PetroChina Company Limited, China's largest oil producer, said on Monday that its first-quarter net profit slid 28.6 percent year-on-year, reduced by below-cost fuel prices and windfall taxes.
Net profit totaled 26.5 billion yuan (about 3.8 billion U.S. dollars) in the first three months, while income from operations rose 41.9 percent to 259 billion yuan, the company said in a statement to the Shanghai Stock Exchange on Monday evening.
It attributed the profit slump to higher payments of a special tax on domestic crude oil sold at more than 40 U.S. dollars a barrel and state ceilings on domestic refined oil products.
The fuel price curb also eroded the first-quarter net profit of Sinopec, China's largest oil refiner, which reported on Sunday a 65.78-percent profit slump.
The first-quarter realized price of PetroChina's crude oil surged 63 percent year-on-year to 87.93 U.S. dollars per barrel, while the price of natural gas was up 24.5 percent to 3.15 U.S. dollars per thousand cubic feet, according to the statement.

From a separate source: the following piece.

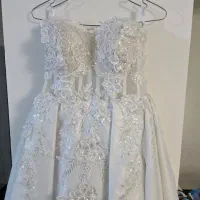 لباس عروس اروپایی چاک دار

Crude oil output reached 216 million barrels in the first three months, up 3.3 percent year-on-year, while natural gas output increased 18 percent to 484.7 billion cubic feet.
The company processed 217 million barrels of crude, up 7.4 percent from a year earlier. It sold 21.85 million tons of refined oil products within China, up 18.5 percent.
Gasoline production was up 17.2 percent, with diesel up 4.4 percent and kerosene up 20 percent. Ethylene output climbed 9.2 percent.
Listed in Hong Kong and Shanghai, PetroChina is the listed subsidiary of China National Petroleum Corporation (CNPC), China's largest oil and gas producer. It has 18,406 service stations.
PetroChina shares were down 4.26 percent to 16.84 yuan in Shanghai on Monday ahead of the earnings report. Shares of Sinopec fell 4.38 percent to 11.34 yuan.